City of Apen looks to streamline land-use approval process |

City of Apen looks to streamline land-use approval process

Karl Herchenroeder
The Aspen Times

In the coming weeks, the Aspen City Council will consider a code amendment aimed at streamlining parts of the land-use-approval process.

The amendment would allow for applicants to lock in major details — such as mass, scale and land use of a building — earlier in the process. This way, they could know sooner if the council and the community support their ideas.

“We have a very lengthy land-use process that is unpredictable for everyone involved,” said Jessica Garrow, long-range planner for the city. “And there are ways we can consolidate it and make it more predictable and fair.”

Right now, major details — such as height, floor-area dimensions and land use — are not ironed out until final review. With the amendment, those all would be moved up to conceptual review. The only details left for final review would be minor ones, such as utility specs and selection of building materials.
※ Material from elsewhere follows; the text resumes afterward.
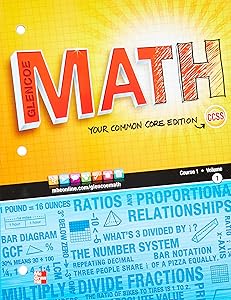 Glencoe Math, Course 1, Student Edition, Volume 1 (MATH APPLIC & CONN CRSE)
Councilman Adam Frisch said he’s not sure who is more frustrated with the current approval process, developers or city staff. The major problem, he said, is that the most controversial issues of a project are pushed to the end of the line in the process. With the amendment, it becomes a front-loaded discussion, where “the elephant in the room” can be addressed early on. The beneficiaries of such a change, he said, would be not only developers but residents, second-home owners and city staff, as well.

Some in the community have voiced concern that it would remove the public’s right to review a project between the conceptual and final stages.

But Garrow said the public’s right to review would not be affected, only the timing. With the amendment, public action simply would have to take place at the conceptual stage.

This issue, Garrow said, has been an important part of lodging discussions.

The current system costs “more time, money and effort on everyone’s part,” she said.

The code amendments, which are tentatively scheduled to go before the City Council in September, relate to the “Planned Unit Development” and “Specially Planned Area” chapters of the land-use code.